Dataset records
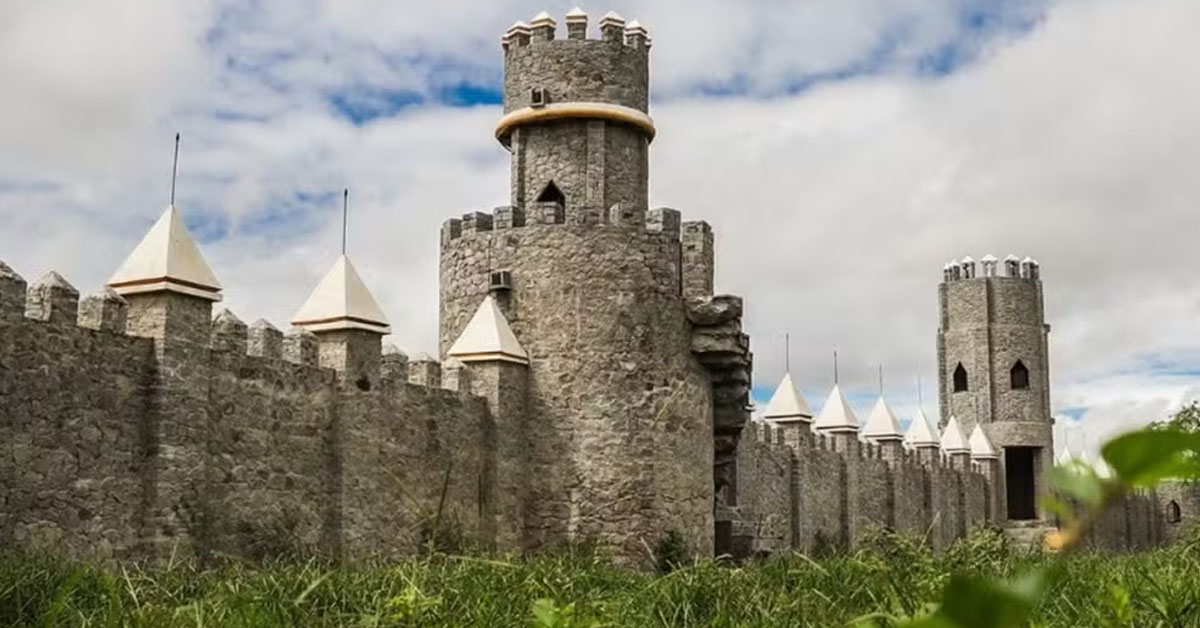 Conheça a Fascinante Cidade Medieval da Fazenda Thanks em Umirim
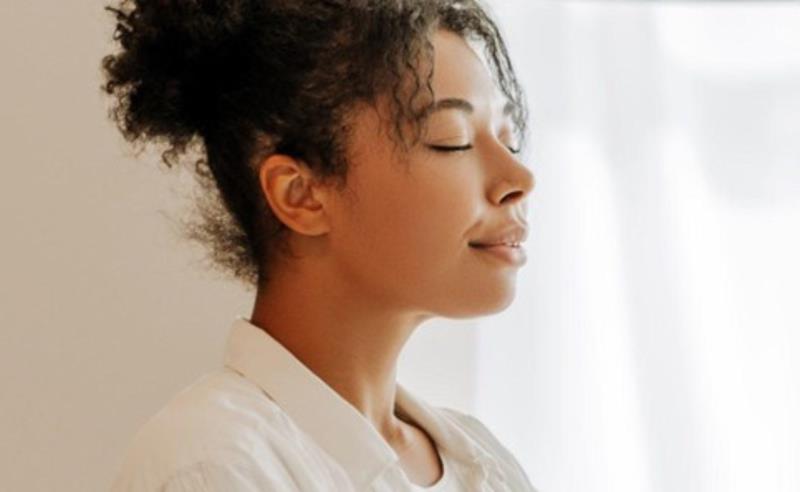 Carnaval também pode ser tempo de pausa: meditação Heartfulness surge como alternativa para cuidar da saúde mental durante o feriado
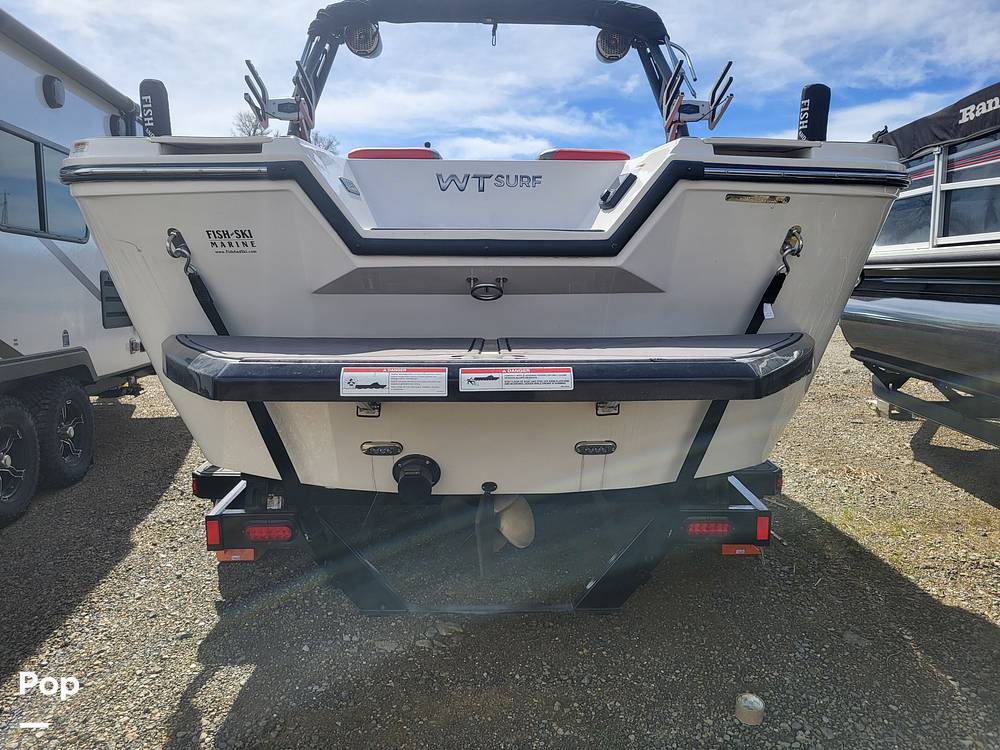 Slide: The Image of Heyday Wake Boats Wt Surf 2023 - 15256249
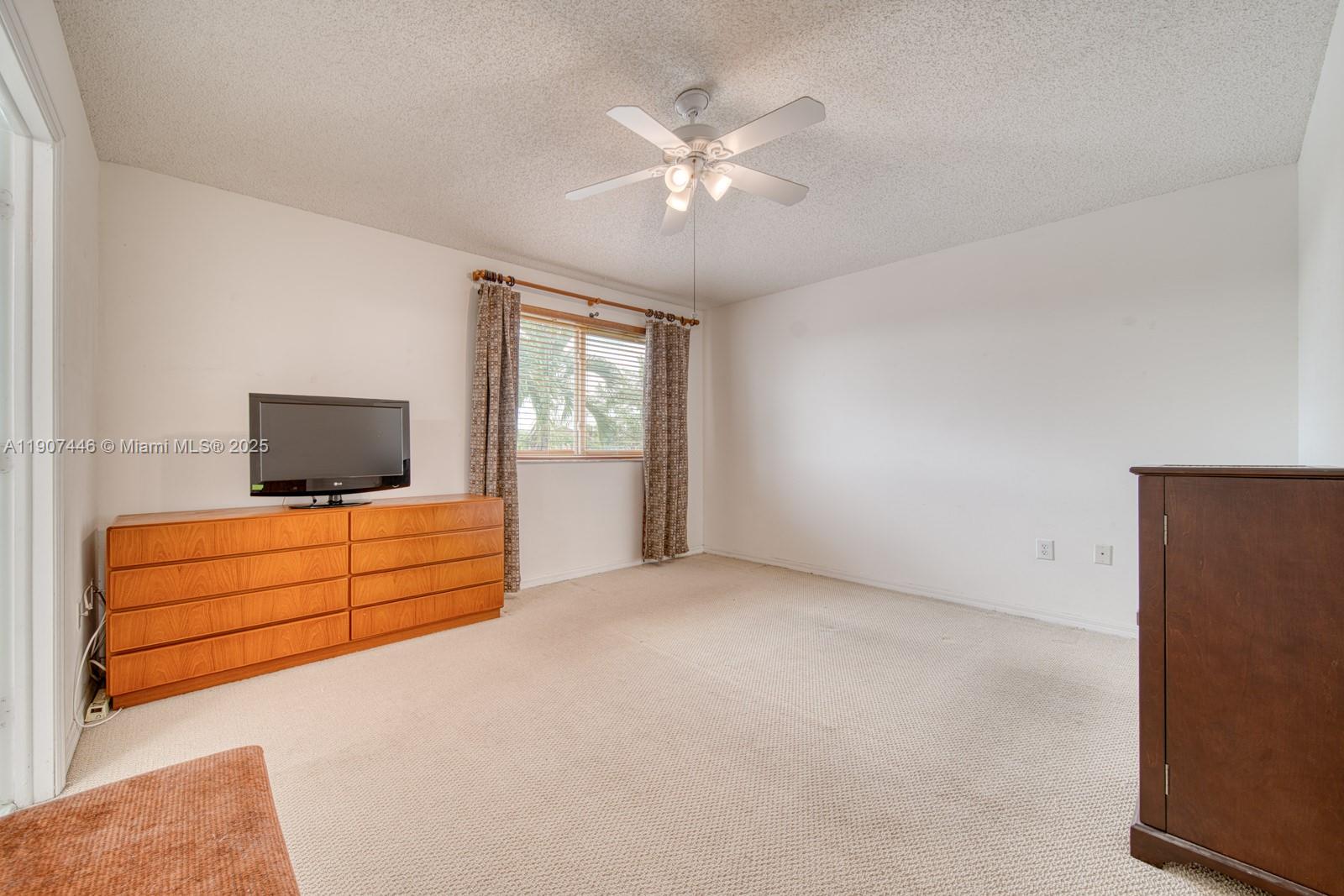 Miami, Florida, 33193, United States, 3 Bedrooms Bedrooms, ,3 BathroomsBathrooms,Residential,For Sale,1989517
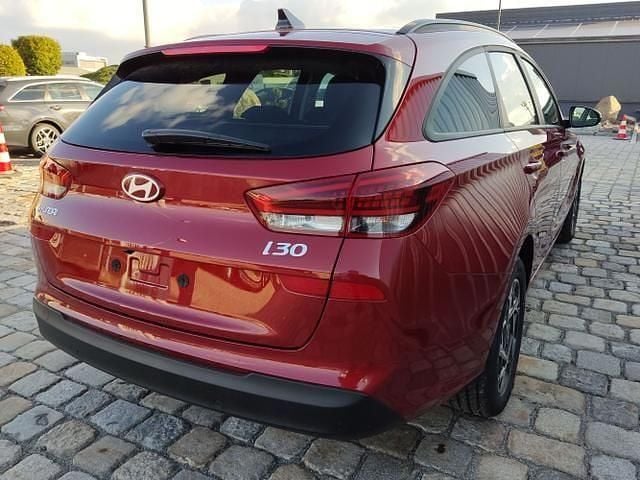 Shimmeringsilber metallic Gebraucht 2024 Hyundai i30 Edition Kombi | 20.890 € (Superpreis) - Bild 1/1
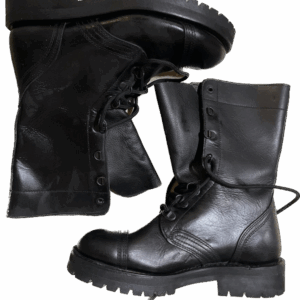 BOTA AT TAMANHO 38 USADA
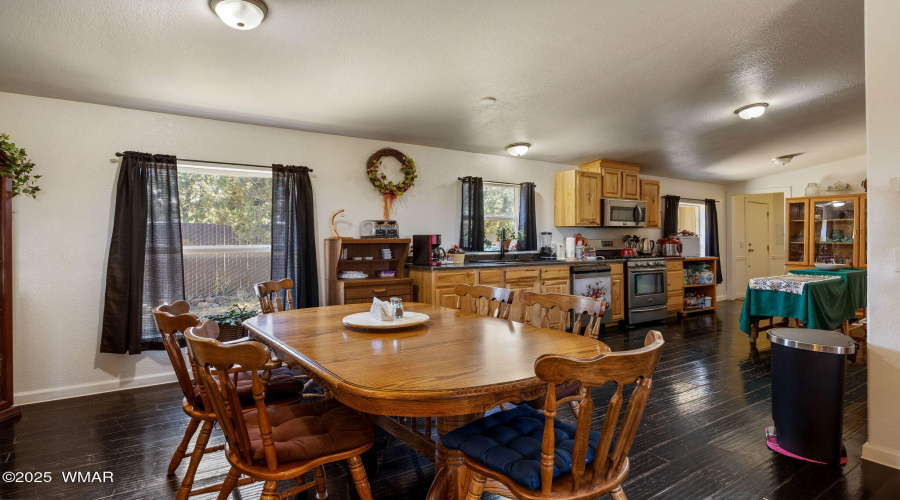 Kitchen/Dining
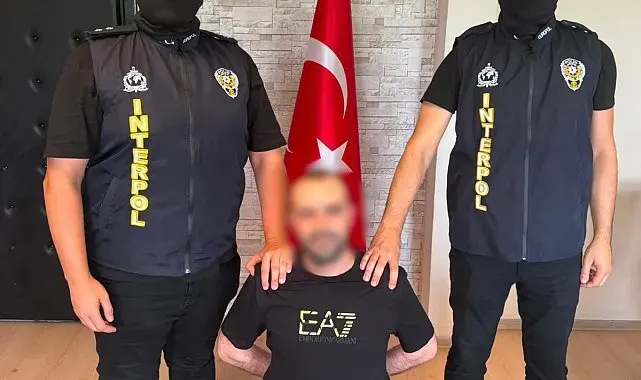 Gürcistan, 2 organize suç örgütü elebaşını Türkiye'ye iade etti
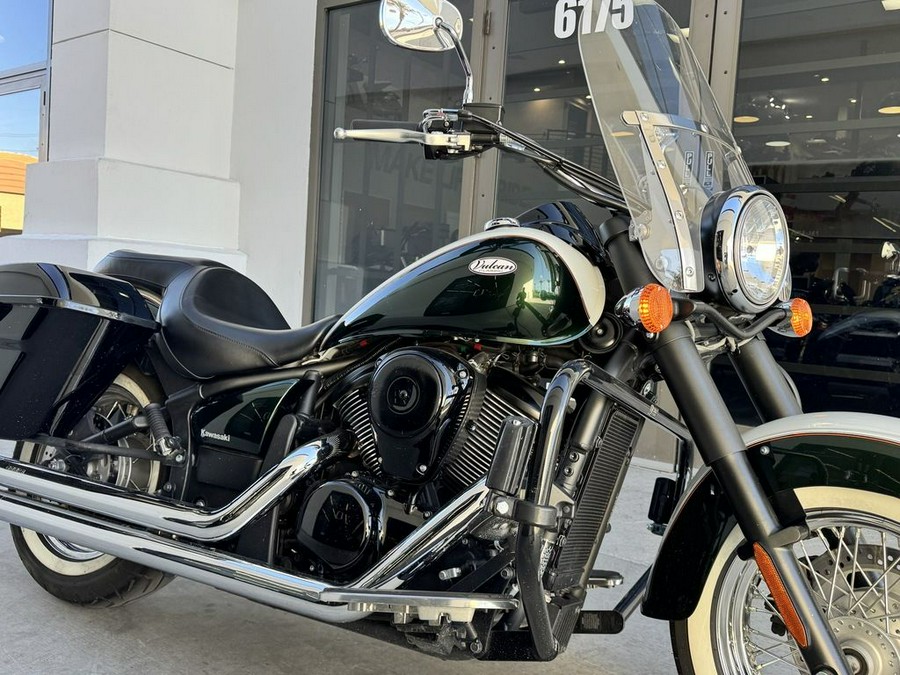 2022 Kawasaki Vulcan® 900 Classic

WHAT IS BEING ASKED
Your answer must consist solely of the lines from the one containing "Miami, Florida, 33193, United" through the last line of the records above, copied exactly, with every picture left out.

EXERCISE ANSWER
 Miami, Florida, 33193, United States, 3 Bedrooms Bedrooms, ,3 BathroomsBathrooms,Residential,For Sale,1989517
 Shimmeringsilber metallic Gebraucht 2024 Hyundai i30 Edition Kombi | 20.890 € (Superpreis) - Bild 1/1
 BOTA AT TAMANHO 38 USADA
 Kitchen/Dining
 Gürcistan, 2 organize suç örgütü elebaşını Türkiye'ye iade etti
 2022 Kawasaki Vulcan® 900 Classic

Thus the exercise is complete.